BEGIN PROVIDED INFORMATION
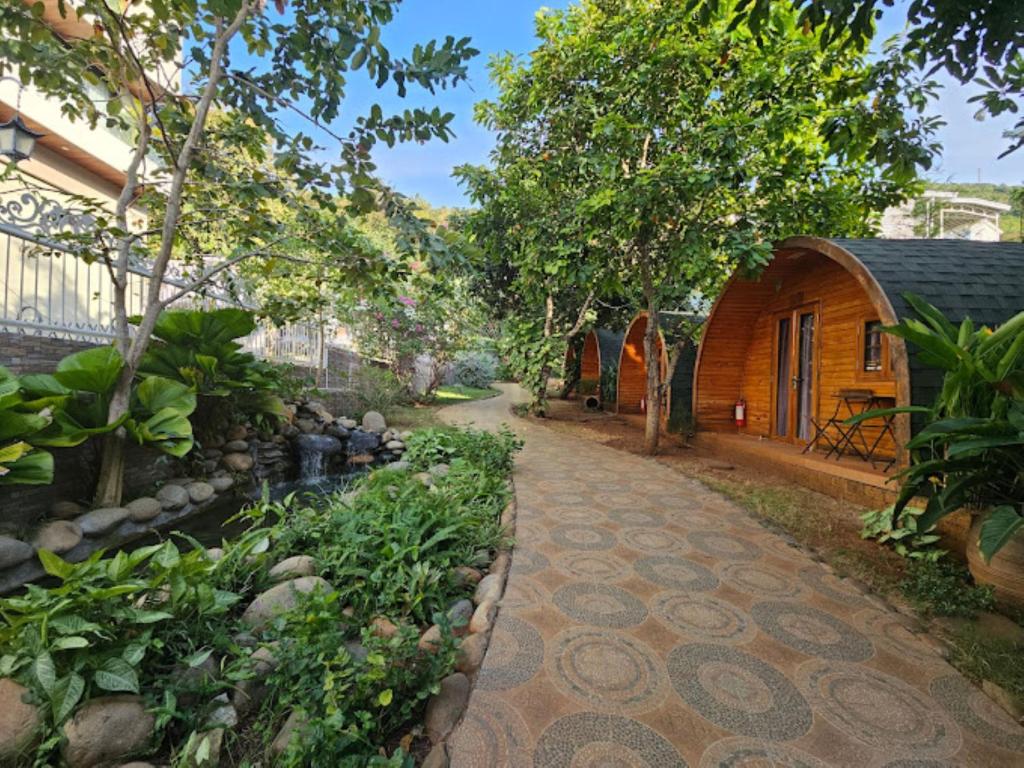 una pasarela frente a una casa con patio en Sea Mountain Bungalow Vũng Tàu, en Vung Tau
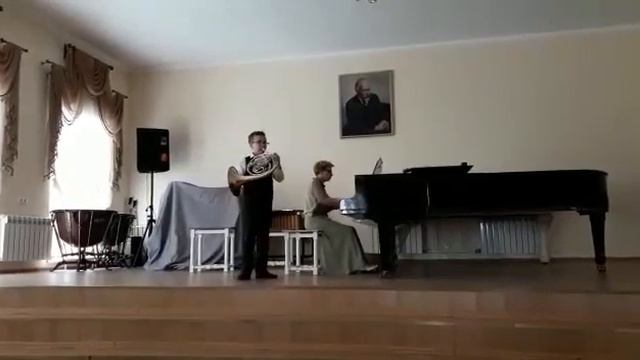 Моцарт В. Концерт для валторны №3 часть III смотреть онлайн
END PROVIDED INFORMATION
BEGIN PROVIDED INFORMATION
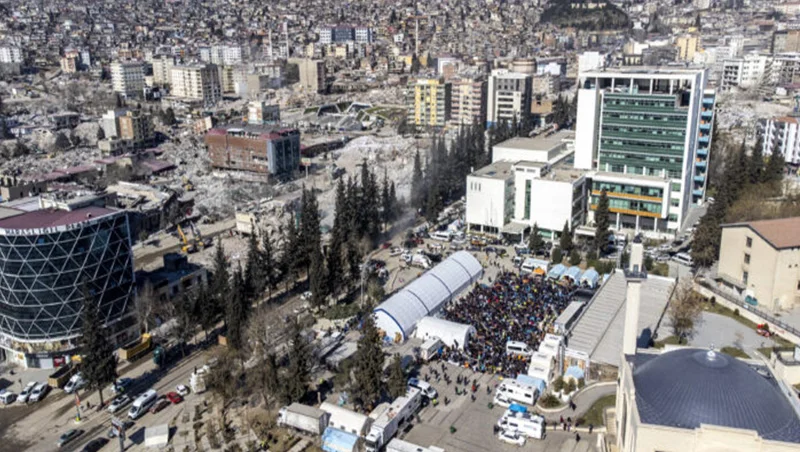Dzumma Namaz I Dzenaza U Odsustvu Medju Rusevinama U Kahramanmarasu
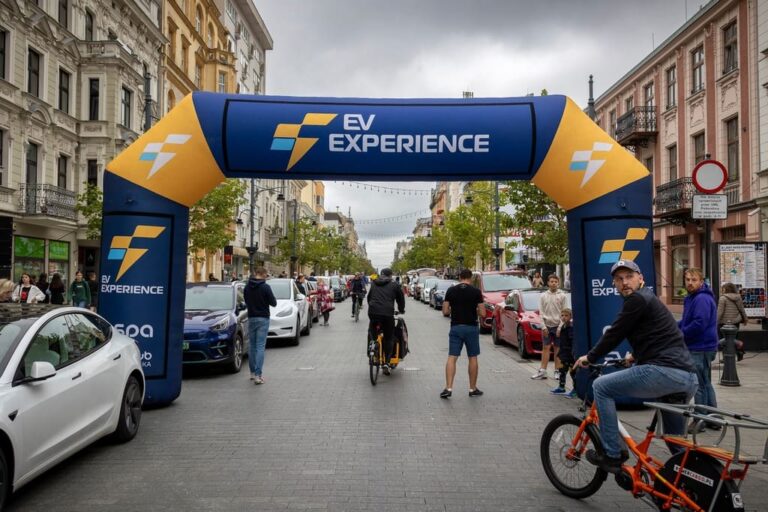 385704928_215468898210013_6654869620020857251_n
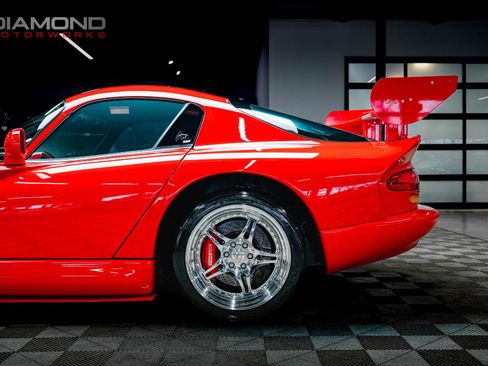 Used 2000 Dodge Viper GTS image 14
END PROVIDED INFORMATION
* YOUR INSTRUCTIONS *
Look above for the line with "una pasarela frente" and the line with "Моцарт В. Концерт", then copy them and all lines in between exactly as written, and only those, without any pictures.

* PROBLEM SOLUTION *
 una pasarela frente a una casa con patio en Sea Mountain Bungalow Vũng Tàu, en Vung Tau
 Моцарт В. Концерт для валторны №3 часть III смотреть онлайн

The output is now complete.